Mi primer “montaje” fue cuando tenía doce años.
Iba en el metro rumbo a la escuela y un hombre eyaculó sobre mi uniforme. Me quedé petrificada. Sentí una vergüenza tan inmensa que, durante varias estaciones, solo me refugié en una esquina del vagón. Nadie hizo nada. Nadie dijo nada. Actuaron como si no hubiera pasado.
Años después, escucho a personas decir que lo que vivió la Presidenta de México fue un “montaje”. Que fue actuado. Que fue una estrategia.
Y pienso en esa niña que fui: inmóvil, muda, creyendo que la culpa era suya. Porque eso es lo que hace la violencia: paraliza, avergüenza, despoja de voz.
No se planea. No se actúa. Se sobrevive.
No es fácil escribir esto cuando la víctima es una mujer con poder.
Porque Claudia Sheinbaum ha protegido a agresores, ha criminalizado a mujeres feministas y ha reprimido protestas.
Porque el “llegamos todas” fue selectivo, pensado para quienes sirven al poder, no para quienes lo cuestionan.
Y porque a través de la militarización y la reforma judicial, Sheinbaum ha dejado claro que la sororidad no se ejerce desde arriba, sino que se administra como privilegio.
No le debemos sororidad.
Hay mucho que cuestionarle.
Ser blanca, tener poder y ocupar la presidencia coloca sus violencias en otro contexto.
Las que hemos enfrentado al Estado desde abajo sabemos que no todas las mujeres vivimos las mismas consecuencias por hablar, denunciar o resistir.
Pero incluso con toda esa distancia política, con todos los desacuerdos posibles, decir que lo que le ocurrió fue “un montaje” es revictimizar.
Es repetir la violencia.
Porque ninguna mujer, ni la más poderosa, ni la más criticada, merece que se dude de una agresión cometida contra su cuerpo.

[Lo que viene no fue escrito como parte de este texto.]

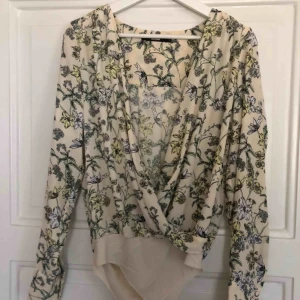  - Fin blommig body från Bikbok. Använd en gång! Sitter väldigt fint på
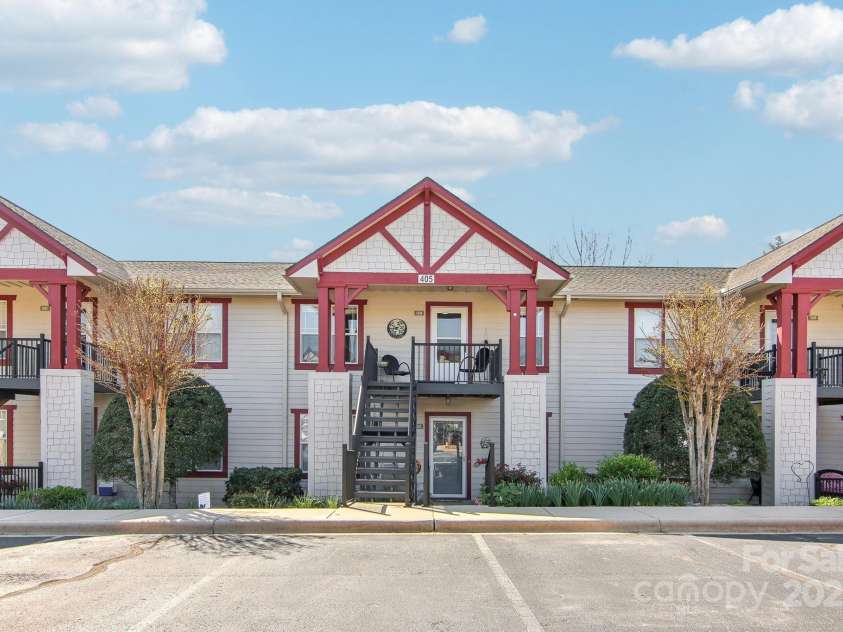 1304 Deermouse Way, Hendersonville, NC 28792.  MLS# CAR4190263, YatesRealty ID 5397. 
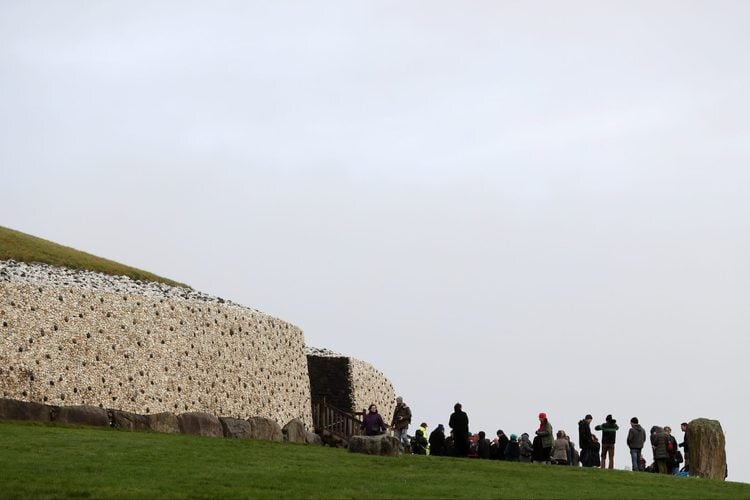 مراسم انقلاب زمستانی در برخی کشورها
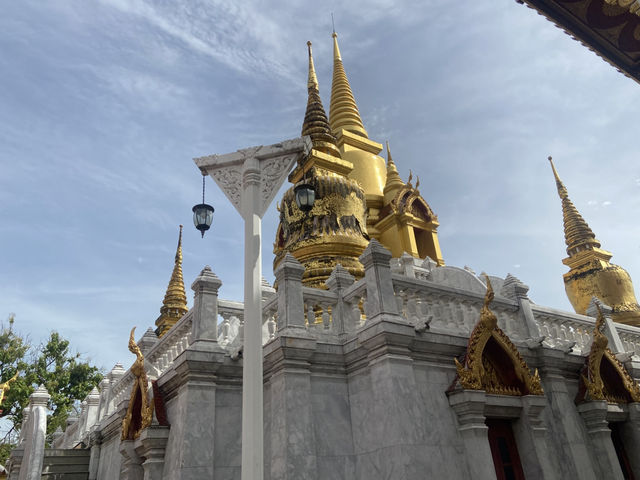 วัดตรีทศเทพ วัดสงบใจกลางเมือง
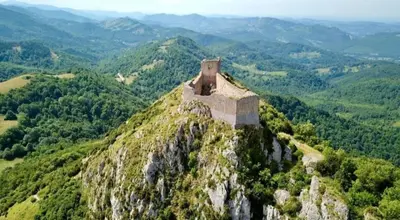 a castle on the top of a mountain at Bulle perchée in Sonnac-sur-lʼHers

Mientras el país se entretiene discutiendo si fue real o no, se instrumentaliza la muerte de Carlos Manzo para tapar lo evidente: el mismo sistema que mata, desaparece y domina territorios es el que controla y violenta cuerpos.
El crimen organizado y la violencia contra las mujeres no son historias separadas. Son dos caras del mismo poder: uno que decide quién vive, quién calla y a quién se le cree.
Uno que usa el miedo, la vergüenza y la impunidad como herramientas de control social.
En México, de acuerdo a la ENDIREH, 7 de cada 10 mujeres mexicanas han experimentado violencia de género en algún momento de su vida. De éstas, 50 % ha vivido violencia sexual. Las cifras no son estadísticas: son una radiografía de un país donde la justicia llega tarde o nunca, y donde la incredulidad es otra forma de castigo.
Y aunque ahora la violencia toque a la presidencia, sigue siendo la misma: la que se normaliza, la que se duda, la que se esconde detrás de discursos políticos o titulares.
Es el reflejo de un país que duda más de las víctimas que de sus agresores.
Por primera vez, la Presidenta y nosotras tenemos algo en común. Llegamos todas, pero llegamos a lo mismo: ser víctimas de violencia sexual.